A Long Walk to Water Analysis
The story presents the circumstances surrounding the Sudanese Civil War, a struggle lasting from 1983 to 2005. It is based on the author's acquaintance with Salva Dut (her inspiration for the novel's protagonist) in Rochester, New York, where Salva had been relocated after the civil wars.
The novel takes the shape of two narratives, one telling the story of Salva and the other telling the story of Nya. Salva comes of age during the civil wars and, as a result of gunfire breaking out at his school, flees his hometown and his family. The course of his narrative recounts his search, alongside other many other so-called "Lost Boys" (refugees from Sudan), for his family. His travels take him through the desert, amid the perils of animal attacks and dehydration. Salva eventually lives with a family in Rochester, New York, as part of a resettlement program. He returns to Sudan (where he meets Nya) when he establishes the Water for South Sudan organization.
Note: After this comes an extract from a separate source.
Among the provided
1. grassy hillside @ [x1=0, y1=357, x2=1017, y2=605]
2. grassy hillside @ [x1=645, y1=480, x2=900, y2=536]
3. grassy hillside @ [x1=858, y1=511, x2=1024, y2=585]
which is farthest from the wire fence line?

Nya comes of age after the Sudanese Civil War, thus allowing the narrative to come full circle. Despite the conclusion of the war, Nya still needs to walk eight hours day to fetch water for her family from a distant pond. However, the tide of her life changes when a well is built in her town, and a school shortly thereafter.
A Long Walk to Water demonstrates that access to water is integral for the development of civilization. Once Nya's town has a well, a school is provided, which promises to change the lives of Nya and her family.
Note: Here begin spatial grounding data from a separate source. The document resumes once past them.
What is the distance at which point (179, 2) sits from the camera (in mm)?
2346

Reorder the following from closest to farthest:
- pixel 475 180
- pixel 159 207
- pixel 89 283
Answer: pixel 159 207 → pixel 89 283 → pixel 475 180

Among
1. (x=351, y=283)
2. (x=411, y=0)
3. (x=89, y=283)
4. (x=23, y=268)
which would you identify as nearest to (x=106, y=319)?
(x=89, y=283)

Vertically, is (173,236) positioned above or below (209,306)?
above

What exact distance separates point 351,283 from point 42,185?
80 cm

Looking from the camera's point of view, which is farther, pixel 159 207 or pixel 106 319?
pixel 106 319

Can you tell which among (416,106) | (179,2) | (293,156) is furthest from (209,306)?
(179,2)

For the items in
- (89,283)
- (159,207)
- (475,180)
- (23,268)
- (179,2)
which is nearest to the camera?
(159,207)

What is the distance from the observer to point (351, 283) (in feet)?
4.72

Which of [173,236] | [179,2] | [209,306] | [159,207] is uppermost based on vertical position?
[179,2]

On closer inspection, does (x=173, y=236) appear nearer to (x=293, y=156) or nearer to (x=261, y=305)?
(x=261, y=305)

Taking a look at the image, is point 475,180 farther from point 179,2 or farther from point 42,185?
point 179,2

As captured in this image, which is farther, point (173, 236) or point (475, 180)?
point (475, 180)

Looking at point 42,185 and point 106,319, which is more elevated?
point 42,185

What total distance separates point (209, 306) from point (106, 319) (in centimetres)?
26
The story also showcases the change that can take place in the course of a single generation. Though Salva and Nya's stories are separated by just 25 years, they live in a very different Sudan. Nya's story demonstrates that not all problems are solved by Civil War. Nya's childhood is spent in the wake of the war, a landscape which requires attention and sustained hard work (such as Salva's efforts) to see lasting improvement.